現代造佛所私記 No.32「皓月 (5)」

猫2匹との生活が始まり、家の中が狭くなった。

先住猫の皓月(雌、生後7ヶ月)と、治療中のため隔離された日華(雌、推定7歳)は、ケージ越しに微妙な距離を保っていた。

「気が合わない猫は一生気が合わない」

動物病院でそう聞いていたため、「コウちゃんにお友達ができる」と期待した私はがっかりしていた。「まあ、そのうち慣れるよ」という楽観的な夫の言葉に、「そうだ、何事も例外はある」と気を取り直したりした。

やがて、日華の駆虫が無事終わり、ケージが取り払われる日がきた。

解き放たれた日華は、ずっとこの家にいたかのように振る舞った。ソファーで堂々とくつろぎ、食事も水も遠慮なし。皓月がちょっと近づくと「シャーッ!」と威嚇した。

肝が座り食に貪欲なマダム・日華に対し、のんびり優しい皓月は気の毒だった。

自分用のフードボウルで食べていると、すでに食事を終えたはずの日華に押しのけられ餌を奪われたりした。

いつものようにおもちゃで遊んでいるだけで、日華に理不尽にも「バシッ」と前足で叩かれたりした。

日華の逆鱗スイッチは誰も予想できず、日華と少し距離をとり、身をかがめて様子を伺う皓月の姿は、ちょっとかわいそうだった。

そんな日々が2ヶ月続いた夏の日。

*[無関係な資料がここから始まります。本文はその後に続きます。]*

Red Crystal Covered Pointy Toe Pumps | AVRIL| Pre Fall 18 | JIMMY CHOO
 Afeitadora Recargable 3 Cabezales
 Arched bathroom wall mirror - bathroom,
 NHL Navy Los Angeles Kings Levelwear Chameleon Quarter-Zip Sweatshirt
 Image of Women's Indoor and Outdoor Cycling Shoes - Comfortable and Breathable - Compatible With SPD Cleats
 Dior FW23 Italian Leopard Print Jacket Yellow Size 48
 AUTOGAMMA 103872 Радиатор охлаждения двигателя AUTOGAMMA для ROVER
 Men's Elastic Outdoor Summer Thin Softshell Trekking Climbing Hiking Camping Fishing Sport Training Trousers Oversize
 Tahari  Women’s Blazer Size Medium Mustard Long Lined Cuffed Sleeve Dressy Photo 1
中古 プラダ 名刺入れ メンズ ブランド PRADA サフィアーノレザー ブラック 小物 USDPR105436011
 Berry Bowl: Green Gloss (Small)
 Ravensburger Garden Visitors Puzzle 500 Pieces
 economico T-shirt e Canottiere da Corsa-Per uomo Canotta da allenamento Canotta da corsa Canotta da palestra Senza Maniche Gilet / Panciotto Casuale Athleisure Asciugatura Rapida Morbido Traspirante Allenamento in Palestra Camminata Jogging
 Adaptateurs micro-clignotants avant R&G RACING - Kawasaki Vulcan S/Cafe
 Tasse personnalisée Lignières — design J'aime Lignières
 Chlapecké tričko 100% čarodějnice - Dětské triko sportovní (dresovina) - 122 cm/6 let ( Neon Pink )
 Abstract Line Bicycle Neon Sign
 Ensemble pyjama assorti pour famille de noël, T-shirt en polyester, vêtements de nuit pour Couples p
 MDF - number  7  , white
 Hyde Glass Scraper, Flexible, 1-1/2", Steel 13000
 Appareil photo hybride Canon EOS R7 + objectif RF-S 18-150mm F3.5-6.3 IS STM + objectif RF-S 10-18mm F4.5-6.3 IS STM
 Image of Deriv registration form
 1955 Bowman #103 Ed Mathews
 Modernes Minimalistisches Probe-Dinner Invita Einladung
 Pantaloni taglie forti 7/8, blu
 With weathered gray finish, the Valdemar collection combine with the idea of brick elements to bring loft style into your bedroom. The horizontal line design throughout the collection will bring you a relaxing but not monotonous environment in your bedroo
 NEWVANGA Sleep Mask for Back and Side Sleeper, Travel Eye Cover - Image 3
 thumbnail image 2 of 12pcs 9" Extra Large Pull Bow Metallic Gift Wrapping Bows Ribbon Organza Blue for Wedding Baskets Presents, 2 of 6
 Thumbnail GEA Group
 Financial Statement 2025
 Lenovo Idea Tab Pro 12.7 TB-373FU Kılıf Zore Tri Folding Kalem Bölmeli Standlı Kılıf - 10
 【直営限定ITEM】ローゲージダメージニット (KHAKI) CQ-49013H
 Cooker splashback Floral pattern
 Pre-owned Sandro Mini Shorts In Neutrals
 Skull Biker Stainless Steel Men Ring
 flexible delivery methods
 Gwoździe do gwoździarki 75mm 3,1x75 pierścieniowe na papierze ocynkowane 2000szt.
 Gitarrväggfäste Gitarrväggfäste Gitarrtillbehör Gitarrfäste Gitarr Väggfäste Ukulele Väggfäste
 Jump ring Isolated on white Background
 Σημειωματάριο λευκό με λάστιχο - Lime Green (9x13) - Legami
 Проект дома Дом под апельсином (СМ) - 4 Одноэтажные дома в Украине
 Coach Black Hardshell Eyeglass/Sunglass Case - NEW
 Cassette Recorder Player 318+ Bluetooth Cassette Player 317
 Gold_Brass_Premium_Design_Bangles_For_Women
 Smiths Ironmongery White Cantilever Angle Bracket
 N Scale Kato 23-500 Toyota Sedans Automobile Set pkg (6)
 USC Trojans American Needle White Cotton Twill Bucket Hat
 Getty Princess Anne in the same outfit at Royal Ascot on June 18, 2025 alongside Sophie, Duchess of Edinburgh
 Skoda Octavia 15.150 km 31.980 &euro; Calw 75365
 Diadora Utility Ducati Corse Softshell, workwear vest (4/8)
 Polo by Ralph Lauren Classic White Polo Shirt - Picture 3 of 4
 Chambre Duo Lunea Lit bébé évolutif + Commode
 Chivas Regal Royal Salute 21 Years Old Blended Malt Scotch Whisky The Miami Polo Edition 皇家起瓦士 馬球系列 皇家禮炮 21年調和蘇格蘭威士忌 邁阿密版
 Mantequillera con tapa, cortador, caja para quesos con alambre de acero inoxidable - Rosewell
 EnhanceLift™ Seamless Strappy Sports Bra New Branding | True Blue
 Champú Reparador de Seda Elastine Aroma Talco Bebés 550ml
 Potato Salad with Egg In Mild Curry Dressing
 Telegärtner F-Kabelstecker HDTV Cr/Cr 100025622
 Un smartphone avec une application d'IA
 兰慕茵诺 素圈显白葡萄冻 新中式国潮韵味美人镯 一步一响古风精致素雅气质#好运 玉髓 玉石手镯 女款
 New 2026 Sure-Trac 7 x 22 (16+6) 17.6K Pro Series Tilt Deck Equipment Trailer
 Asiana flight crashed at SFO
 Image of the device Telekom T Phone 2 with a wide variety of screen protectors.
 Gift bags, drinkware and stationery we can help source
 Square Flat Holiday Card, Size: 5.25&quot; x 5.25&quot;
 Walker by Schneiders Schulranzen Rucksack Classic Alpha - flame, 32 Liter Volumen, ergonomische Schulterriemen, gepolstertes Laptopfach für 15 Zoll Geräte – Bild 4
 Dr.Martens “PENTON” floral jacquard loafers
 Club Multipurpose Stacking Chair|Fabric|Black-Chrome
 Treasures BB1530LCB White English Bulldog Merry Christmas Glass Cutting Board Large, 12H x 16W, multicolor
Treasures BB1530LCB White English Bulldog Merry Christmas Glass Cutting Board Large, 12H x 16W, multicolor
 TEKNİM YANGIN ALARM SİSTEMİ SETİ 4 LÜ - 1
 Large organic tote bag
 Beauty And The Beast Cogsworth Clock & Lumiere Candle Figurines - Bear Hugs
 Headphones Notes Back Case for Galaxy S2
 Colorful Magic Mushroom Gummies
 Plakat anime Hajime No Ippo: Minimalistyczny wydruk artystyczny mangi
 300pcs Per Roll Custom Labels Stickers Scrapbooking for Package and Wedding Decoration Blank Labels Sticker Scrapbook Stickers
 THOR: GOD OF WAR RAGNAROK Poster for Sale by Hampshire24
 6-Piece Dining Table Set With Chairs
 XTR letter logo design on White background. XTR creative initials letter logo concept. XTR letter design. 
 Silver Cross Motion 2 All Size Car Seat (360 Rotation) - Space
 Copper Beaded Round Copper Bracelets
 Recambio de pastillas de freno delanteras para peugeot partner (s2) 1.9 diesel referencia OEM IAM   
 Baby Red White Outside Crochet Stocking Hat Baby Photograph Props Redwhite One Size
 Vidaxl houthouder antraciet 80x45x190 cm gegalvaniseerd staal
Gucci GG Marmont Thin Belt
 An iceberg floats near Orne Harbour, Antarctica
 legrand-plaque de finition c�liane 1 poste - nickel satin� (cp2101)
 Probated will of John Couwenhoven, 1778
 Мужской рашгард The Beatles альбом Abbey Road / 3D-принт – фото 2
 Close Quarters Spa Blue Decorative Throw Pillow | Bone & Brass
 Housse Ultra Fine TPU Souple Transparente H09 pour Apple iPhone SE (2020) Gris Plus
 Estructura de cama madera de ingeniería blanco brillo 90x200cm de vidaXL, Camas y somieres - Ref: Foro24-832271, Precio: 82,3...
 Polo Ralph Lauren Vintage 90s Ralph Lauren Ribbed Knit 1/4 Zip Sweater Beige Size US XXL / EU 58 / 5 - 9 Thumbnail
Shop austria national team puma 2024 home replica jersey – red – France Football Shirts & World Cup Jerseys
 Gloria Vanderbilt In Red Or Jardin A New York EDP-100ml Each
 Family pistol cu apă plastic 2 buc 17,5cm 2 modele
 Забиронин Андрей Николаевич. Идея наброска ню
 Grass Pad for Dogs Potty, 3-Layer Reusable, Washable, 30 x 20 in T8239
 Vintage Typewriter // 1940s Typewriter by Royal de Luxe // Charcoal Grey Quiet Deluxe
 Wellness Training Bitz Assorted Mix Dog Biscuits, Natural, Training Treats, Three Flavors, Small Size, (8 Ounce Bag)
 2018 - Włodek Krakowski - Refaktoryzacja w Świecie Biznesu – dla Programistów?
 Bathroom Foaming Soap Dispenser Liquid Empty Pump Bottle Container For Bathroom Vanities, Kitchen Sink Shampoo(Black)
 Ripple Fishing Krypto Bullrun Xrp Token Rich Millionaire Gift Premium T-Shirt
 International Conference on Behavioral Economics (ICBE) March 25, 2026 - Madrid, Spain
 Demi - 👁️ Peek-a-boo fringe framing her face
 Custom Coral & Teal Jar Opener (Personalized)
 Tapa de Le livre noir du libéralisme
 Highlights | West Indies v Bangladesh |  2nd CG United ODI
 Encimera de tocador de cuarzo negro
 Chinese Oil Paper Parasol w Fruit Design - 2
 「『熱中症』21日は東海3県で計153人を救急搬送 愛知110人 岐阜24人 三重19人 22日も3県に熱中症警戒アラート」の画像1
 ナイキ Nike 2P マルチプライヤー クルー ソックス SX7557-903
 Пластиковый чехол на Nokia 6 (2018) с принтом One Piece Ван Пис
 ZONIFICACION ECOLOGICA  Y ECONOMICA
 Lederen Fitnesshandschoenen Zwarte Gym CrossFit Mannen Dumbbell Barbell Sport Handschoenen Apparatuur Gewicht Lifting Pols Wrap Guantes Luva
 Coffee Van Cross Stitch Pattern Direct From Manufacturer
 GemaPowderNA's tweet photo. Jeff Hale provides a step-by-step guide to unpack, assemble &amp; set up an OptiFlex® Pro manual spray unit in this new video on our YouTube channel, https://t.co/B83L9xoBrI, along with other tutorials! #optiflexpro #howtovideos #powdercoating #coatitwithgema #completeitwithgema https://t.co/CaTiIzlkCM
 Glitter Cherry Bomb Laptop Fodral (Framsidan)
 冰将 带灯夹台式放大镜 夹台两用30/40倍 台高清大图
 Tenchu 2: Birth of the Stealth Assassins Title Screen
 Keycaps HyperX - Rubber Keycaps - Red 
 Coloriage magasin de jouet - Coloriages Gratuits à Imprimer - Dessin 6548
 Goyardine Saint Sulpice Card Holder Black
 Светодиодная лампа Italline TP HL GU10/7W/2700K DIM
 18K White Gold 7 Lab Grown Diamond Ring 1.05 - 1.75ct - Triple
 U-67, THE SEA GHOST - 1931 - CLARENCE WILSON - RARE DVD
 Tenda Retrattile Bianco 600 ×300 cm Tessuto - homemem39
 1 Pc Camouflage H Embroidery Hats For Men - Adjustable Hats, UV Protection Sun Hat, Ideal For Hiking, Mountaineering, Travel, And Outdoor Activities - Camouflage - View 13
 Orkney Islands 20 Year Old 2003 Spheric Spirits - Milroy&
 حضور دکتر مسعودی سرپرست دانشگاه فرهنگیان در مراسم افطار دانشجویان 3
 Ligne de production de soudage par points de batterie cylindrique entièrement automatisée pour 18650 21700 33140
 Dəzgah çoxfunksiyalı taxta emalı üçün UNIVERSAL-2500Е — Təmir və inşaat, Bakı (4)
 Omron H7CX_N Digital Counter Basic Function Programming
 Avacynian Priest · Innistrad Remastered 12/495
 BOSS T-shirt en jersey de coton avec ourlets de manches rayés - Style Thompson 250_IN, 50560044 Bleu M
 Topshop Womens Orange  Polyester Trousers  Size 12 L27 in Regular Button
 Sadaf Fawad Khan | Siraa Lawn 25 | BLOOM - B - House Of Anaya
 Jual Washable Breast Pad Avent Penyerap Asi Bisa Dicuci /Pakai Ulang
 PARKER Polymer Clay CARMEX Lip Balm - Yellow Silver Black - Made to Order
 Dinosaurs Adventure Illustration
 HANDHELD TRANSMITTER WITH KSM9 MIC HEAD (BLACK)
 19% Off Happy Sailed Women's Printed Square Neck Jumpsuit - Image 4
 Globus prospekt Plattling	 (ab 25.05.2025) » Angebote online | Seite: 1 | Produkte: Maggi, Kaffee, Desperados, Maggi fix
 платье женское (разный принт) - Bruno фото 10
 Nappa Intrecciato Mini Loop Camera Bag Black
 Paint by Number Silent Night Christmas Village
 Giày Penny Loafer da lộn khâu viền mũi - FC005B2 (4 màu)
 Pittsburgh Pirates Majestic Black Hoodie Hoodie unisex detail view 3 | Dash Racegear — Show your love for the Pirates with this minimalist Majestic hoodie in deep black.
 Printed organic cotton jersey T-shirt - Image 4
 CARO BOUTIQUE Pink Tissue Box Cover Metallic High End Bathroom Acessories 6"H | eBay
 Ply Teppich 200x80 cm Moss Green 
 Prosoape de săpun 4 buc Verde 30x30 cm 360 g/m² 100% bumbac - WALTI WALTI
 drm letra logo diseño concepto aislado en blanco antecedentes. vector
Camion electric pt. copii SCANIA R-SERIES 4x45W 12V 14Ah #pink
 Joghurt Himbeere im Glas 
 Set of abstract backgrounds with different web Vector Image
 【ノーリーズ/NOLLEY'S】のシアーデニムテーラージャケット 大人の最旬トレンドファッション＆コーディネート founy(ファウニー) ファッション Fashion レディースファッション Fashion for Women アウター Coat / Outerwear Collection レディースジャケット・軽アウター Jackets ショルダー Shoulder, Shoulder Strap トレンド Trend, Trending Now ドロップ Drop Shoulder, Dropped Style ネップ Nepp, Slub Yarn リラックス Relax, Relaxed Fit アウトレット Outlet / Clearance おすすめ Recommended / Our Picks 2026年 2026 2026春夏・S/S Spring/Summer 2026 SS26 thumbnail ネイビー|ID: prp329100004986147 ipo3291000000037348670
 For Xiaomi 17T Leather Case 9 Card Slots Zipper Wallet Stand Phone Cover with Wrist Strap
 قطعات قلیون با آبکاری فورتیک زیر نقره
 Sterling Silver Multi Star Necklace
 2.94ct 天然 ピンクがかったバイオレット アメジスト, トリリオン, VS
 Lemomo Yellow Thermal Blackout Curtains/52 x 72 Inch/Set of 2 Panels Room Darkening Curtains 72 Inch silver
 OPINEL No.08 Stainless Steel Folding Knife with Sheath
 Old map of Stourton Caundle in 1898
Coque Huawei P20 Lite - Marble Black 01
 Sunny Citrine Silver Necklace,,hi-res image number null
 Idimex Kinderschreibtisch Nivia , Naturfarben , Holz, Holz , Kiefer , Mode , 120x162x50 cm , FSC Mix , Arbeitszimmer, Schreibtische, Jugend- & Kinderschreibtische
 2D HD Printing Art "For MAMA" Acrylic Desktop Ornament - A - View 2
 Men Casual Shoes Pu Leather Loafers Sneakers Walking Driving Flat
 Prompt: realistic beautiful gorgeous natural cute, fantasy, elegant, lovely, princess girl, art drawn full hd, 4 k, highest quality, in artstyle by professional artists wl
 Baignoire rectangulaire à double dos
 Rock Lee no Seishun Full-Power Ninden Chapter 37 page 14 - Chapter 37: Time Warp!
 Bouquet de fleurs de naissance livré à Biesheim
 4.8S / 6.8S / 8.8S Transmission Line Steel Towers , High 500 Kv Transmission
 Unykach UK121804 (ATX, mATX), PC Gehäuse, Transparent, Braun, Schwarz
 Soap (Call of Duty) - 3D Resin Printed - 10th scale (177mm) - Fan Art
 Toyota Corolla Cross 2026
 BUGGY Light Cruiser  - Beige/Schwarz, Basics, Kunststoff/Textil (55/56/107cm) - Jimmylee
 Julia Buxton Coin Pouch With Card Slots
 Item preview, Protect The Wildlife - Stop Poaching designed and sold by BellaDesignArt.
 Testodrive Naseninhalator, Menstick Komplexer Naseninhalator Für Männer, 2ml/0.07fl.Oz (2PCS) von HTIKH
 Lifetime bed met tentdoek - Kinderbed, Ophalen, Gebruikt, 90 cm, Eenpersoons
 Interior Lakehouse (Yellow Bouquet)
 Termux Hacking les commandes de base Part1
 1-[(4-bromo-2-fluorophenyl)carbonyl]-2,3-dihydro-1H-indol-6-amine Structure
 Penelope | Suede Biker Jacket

突然、二匹の姿が消えた。

日華は床下を寝床と決めたらしく、ご飯の時間以外は姿を見せなくなった。

皓月は家の周辺から完全に姿を消した。

「そのうち帰ってくるよ」という 夫の言葉が入ってこない。家の周りを何度も探し、名前を呼び続けた。半径2kmをあちこち探したが、影も形もない。

1週間が経ち、近所の人に聞いて回った。「もうそれだけ経っちょったら、イタチにやられちゅうやろ」。 耳を塞ぎたくなる言葉に落ち込むこともあった。

SNSで見守ってくれている人から、「猫が帰ってくるおまじない」を教えてもらった。

——まつとしきかばいまかへりこむ——

和歌の一節を書いて、フードボウルを伏せ、玄関に置くというものだ。

霊界の愛猫ネットワークに頼んでくれる人もいた。猫は猫同士、地域のボス猫経由で伝言ができるらしい。そのネットワークはどうやら、霊界にまで及ぶようなのだ。

見知らぬ人々からの励ましに涙が出た。

ふと、龍笛の稽古中に、そばで気持ちよさそうに寝ていた皓月を思い出した。

猫は人間の何倍もの聴覚域を持つと聞く。そこで、山々へ向かって「家はこっちだよ」龍笛を吹き鳴らした。

そんなある日、知らない番号から着信があった。「お宅の猫ちゃん、生きてます!うちの枝垂れ桜の下で座ってたけど、山の方へ行ったよ!」

心が弾んだ。フードを持ち、急いで夫と駆けつけた。

名前を呼びながら、目撃された場所を中心に探した。しかし、皓月の姿はなかった。

喜びも束の間、集落の中で見かけることのないまま3週間が経った。

「私たち、皓月に愛されていたよね」。皓月がやってきた時から、底なしの愛情を注いでくれた日々を、何度も振り返りながら帰宅を願った。

日華は時折姿を見せた。しかし、「餌をくれる近所の人」といった、他人行儀な表情が寂しさに輪をかけた。

「生き物が居付かない家なのかな」。夫の呟きが、静かに胸に刺さった。
それでも——私たちは、まだ奇跡を信じていた。